London’s less regulated Alternative Investment Market (AIM) has had more than its fair share of corporate scandals over the years. But rarely one as surprising as what’s befallen Patisserie Holdings Plc.
Known for its Patisserie Valerie cake shops, the British company part-owned by entrepreneur Luke Johnson revealed on Wednesday that it had suspended its chief financial officer. This was after uncovering “significant, and potentially fraudulent, accounting irregularities.” Its financial year ended on September 30.
Patisserie Holdings may therefore have exaggerated its cash position. It’s probable the company’s 446 million pound ($587 million) market capitalization – the stock exchange ticker is CAKE – will go very soggy when trading resumes.
Johnson, who is also Pattiserie Holdings’ chairman, has a decent track record in buying and selling companies and he comments frequently on business matters in British newspapers (including on how to spot corporate frauds.) His 37 percent stake in the company, plus the 4 percent stake held by chief executive Paul May, will at least assure investors that management has skin in the game.
The really odd thing about this case, though, is that there doesn’t seem to be anything out of the ordinary about the structure and accounting of Patisserie Holdings. This is no Parmalat (the Italian dairy giant that collapsed amid an accounting scandal.) In fact, the business model’s really quite simple. The company owns a handful of cake, bakery and deli chains. It has a website, plus a few partnerships with British retailers such as Debenhams and Sainsbury’s.
Cash for Cakes
Patisserie Holdings’ business model seemed pretty simple: sell gateau, generate free cash flow
While the accounts must obviously now be treated with caution, they’re refreshingly free of funky stuff such as questionable earnings adjustments.

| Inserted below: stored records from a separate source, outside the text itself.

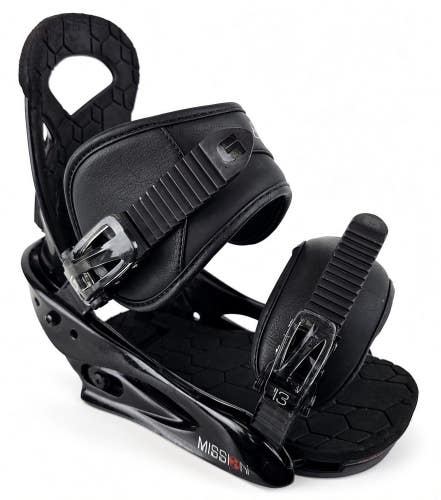 Used $150 Kids Burton Mission Smalls Snowboard Bindings Size Kids 4-7 w/Hardware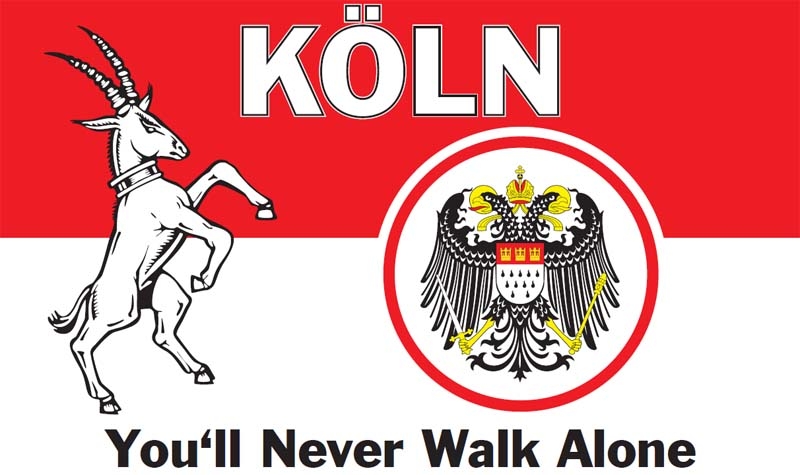 Köln You'll Never Walk Alone Flagge 90x150 cm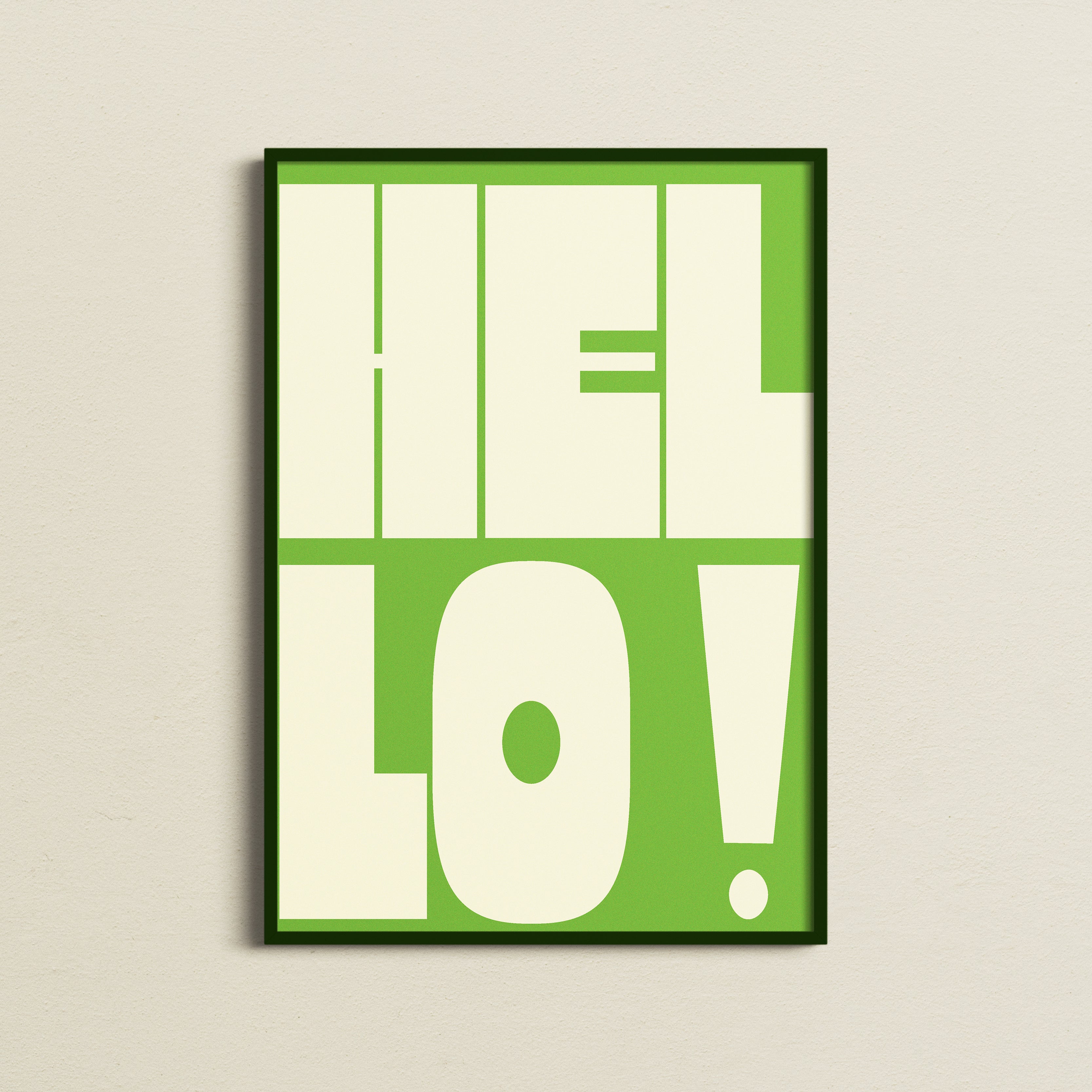 Hello! (beige)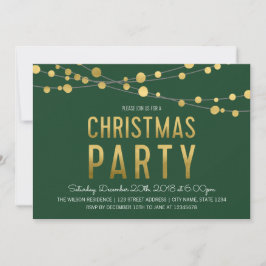 Invitation Boucles d'or Green Faux de lumières Noël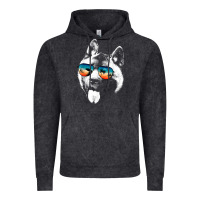 Vintage Black american akita shirts with glasses sunglasses retro style t shirt Vintage Hoodie - linhVisuals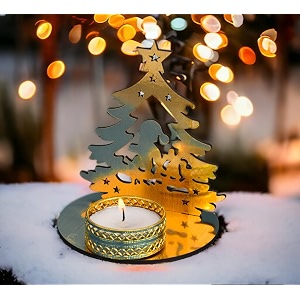 handmade lotus tealight candle holder set of 4 - diwali decor items for elegant diwali decoration for home navratra lotus decoration items diwali decor to tea light candle holder mo-0qg2-alnk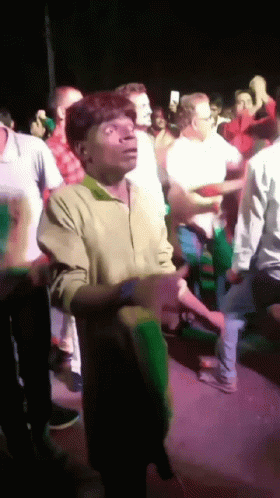 Funny Indian Guy Face Dancing GIF
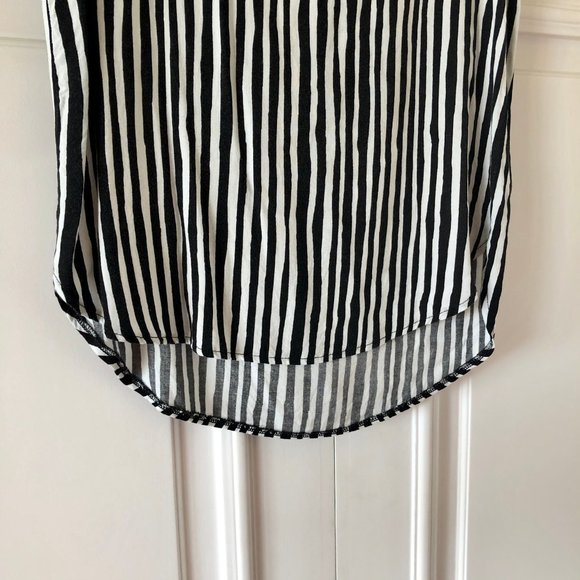Vero Moda Zebra Print Black & White Tunic Blouse XS - Picture 4 of 15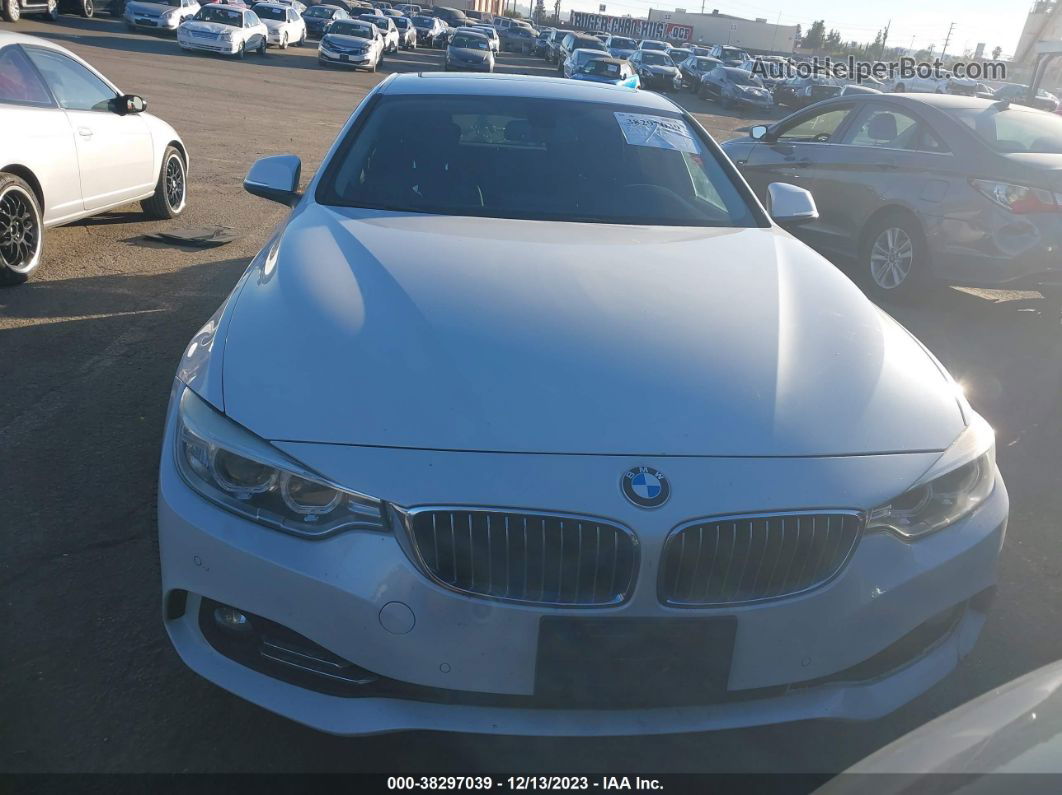 2015 Bmw 428 Gran Coupe   White vin: WBA4A9C50FGL85356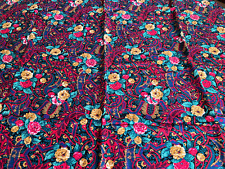Vintage Retro Boho Hippie Floral Soft Rayon Dress Fabric Skirt Top 38
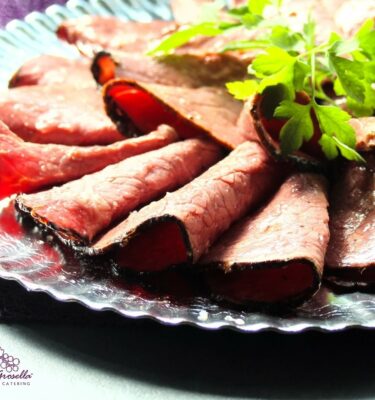 Pastrami de ternera de La Grosella Catering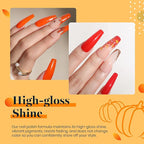 Beetles Fall Gel Polish Set, Burgundy Red Green Orange 6 Colors Gel Nail Polish Colors Sunset Leaves Soak Off Nail Art Lamp UV LED Cured Manicure Nail at Home Gifts for Women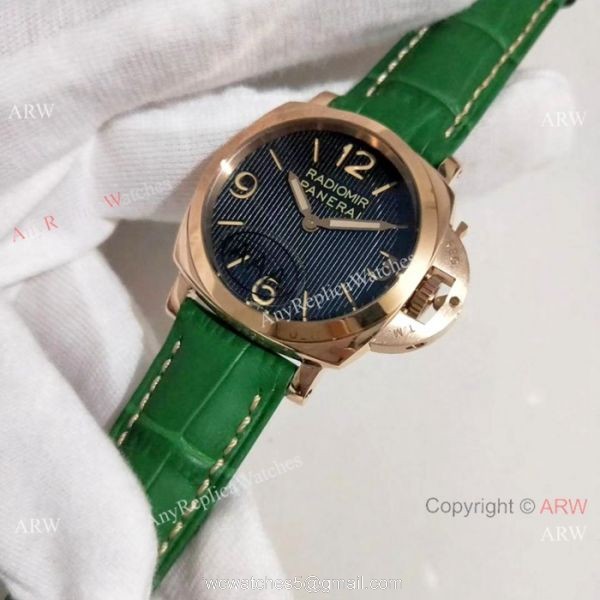 Copy Panerai Radiomir Rose Gold Women Watch Quartz Movement 5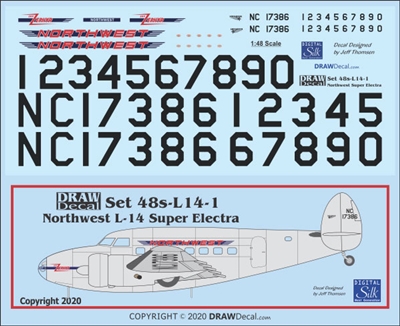 1:48 Northwest L.14H Super Electra
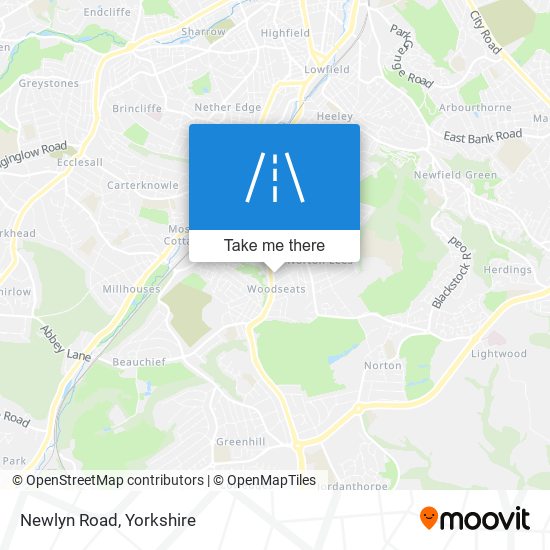 Newlyn Road map
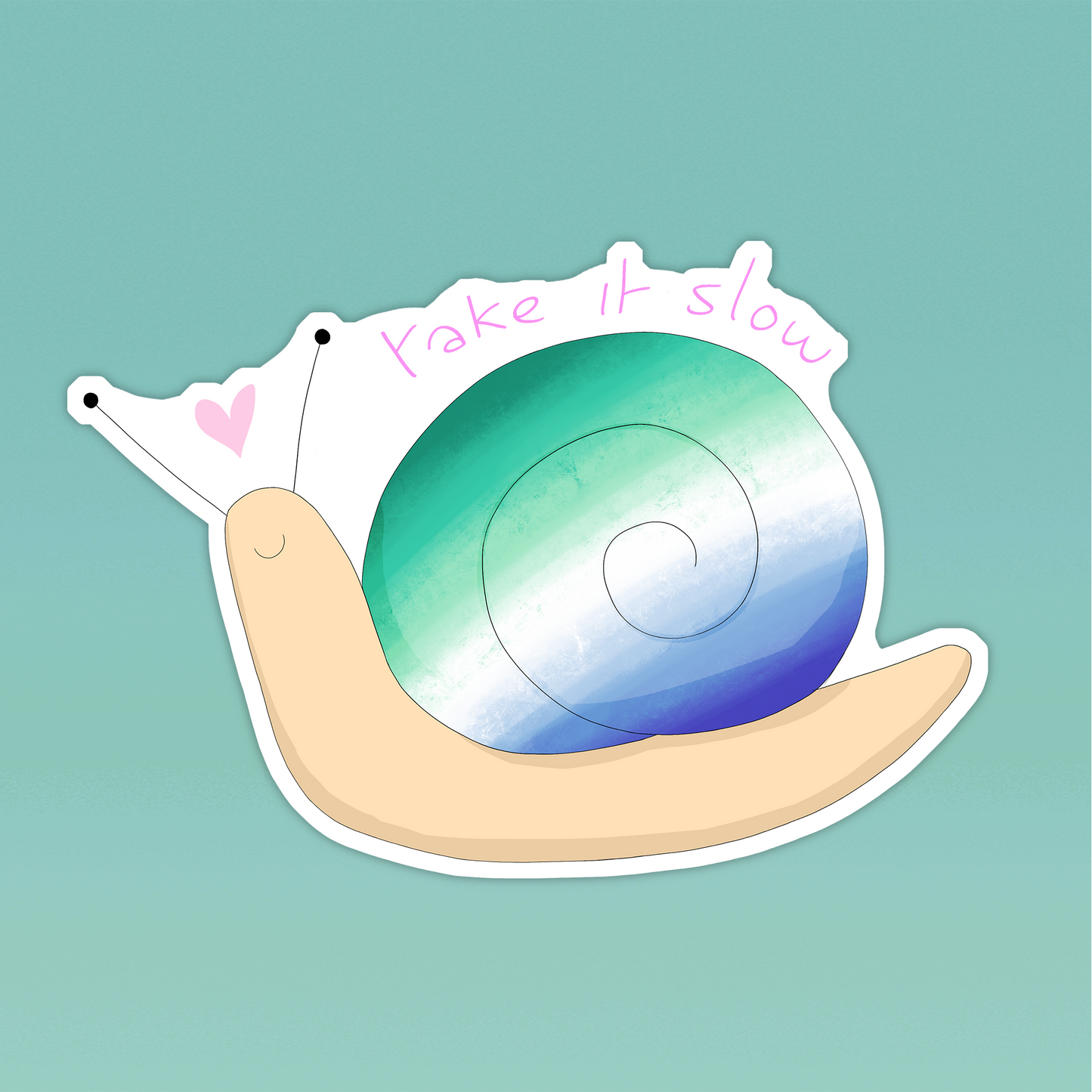 Gay Snail Sticker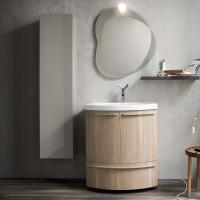 Atlantic tall boy bathroom cabinet  - Q6 Canvas glossy-lacquer finish (finish not available)
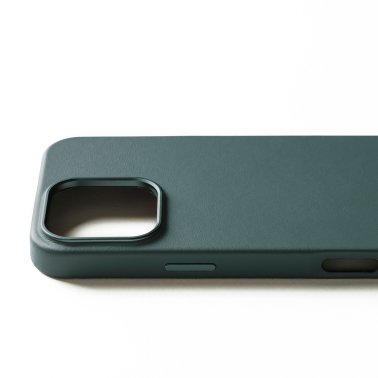 Mujjo | Full Leather w/MagSafe Case iPhone 16 Pro Max - Livid Green | 15-13837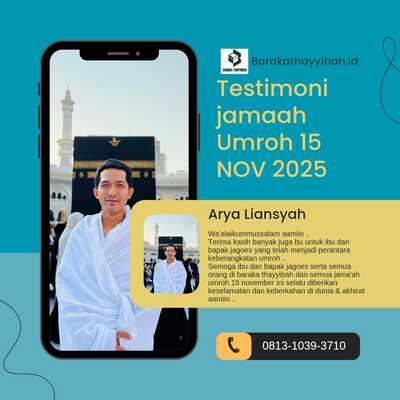 Testimonial Jamaah Keberangkatan 15 November 2025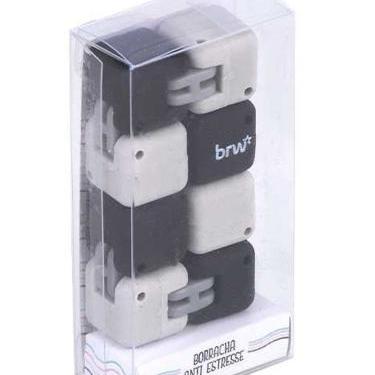 Imagem de Borracha brw antiestresse sortida, PRETO COM CINZA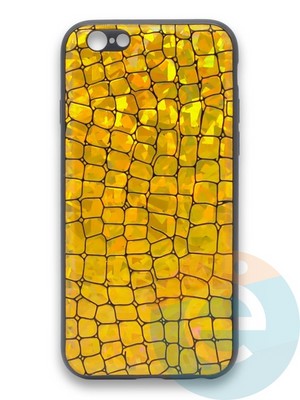 Накладка силиконовая Fantastic Skin блестящая для Apple iPhone 6/6s золотистая - фото 36492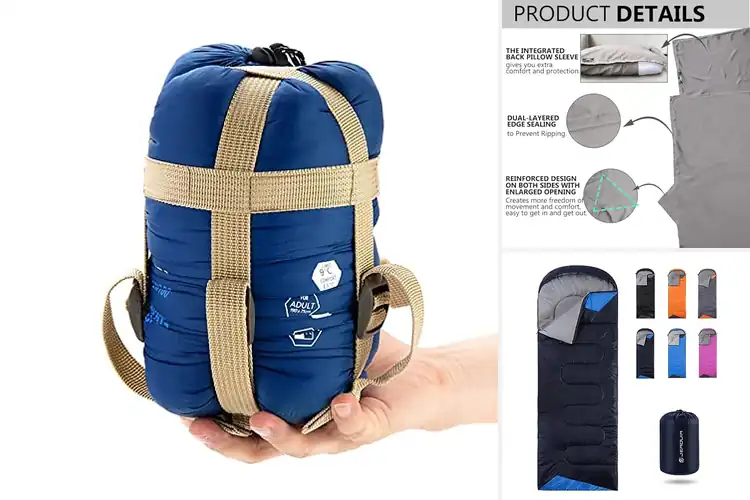 Detailed view of Best Lightweight Sleeping Bag For Travel
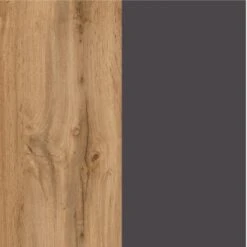 Held Möbel Küchen-Eckschrank Turin 120 Cm Wotaneiche/Graphit -Küchenbedarf Geschäft 189465 11016600 CU 06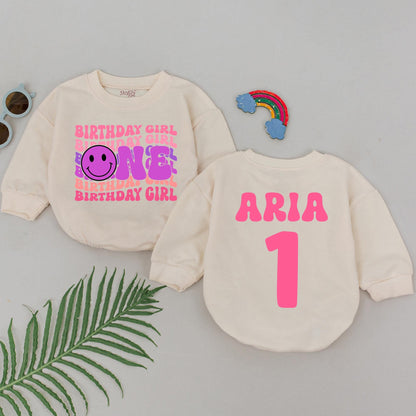 1st Birthday Bubble Romper - Personalized Baby Shower Gift Outfit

Sales have been growing at quite a clip – the company aims to open about 20 stores a year. But that growth has been producing decent free cash flow. Or at least we thought it had.
The balance sheet appeared to be in good shape too. The company claimed to have 28.8 million pounds of net cash at the end of March. Its roughly 65 million pounds of store lease obligations were pretty much the extent of its liabilities.
There was an argument that the shares were too richly valued – the stock was priced at 23 times estimated earnings – but not ridiculously so. Hence, bearish investors weren’t queuing up to short the stock.
As such, this is all very embarrassing for Johnson, who might think twice about lecturing others on how to run a business in future. The quality of Britain’s auditing is being closely scrutinized after Carillion Plc’s collapse so there will be questions too for Patisserie Holdings’ auditor, Grant Thornton, to answer.
If wonky accounting can go unnoticed at a plain-vanilla business like Patisserie Holdings, investors really have nowhere to feel safe.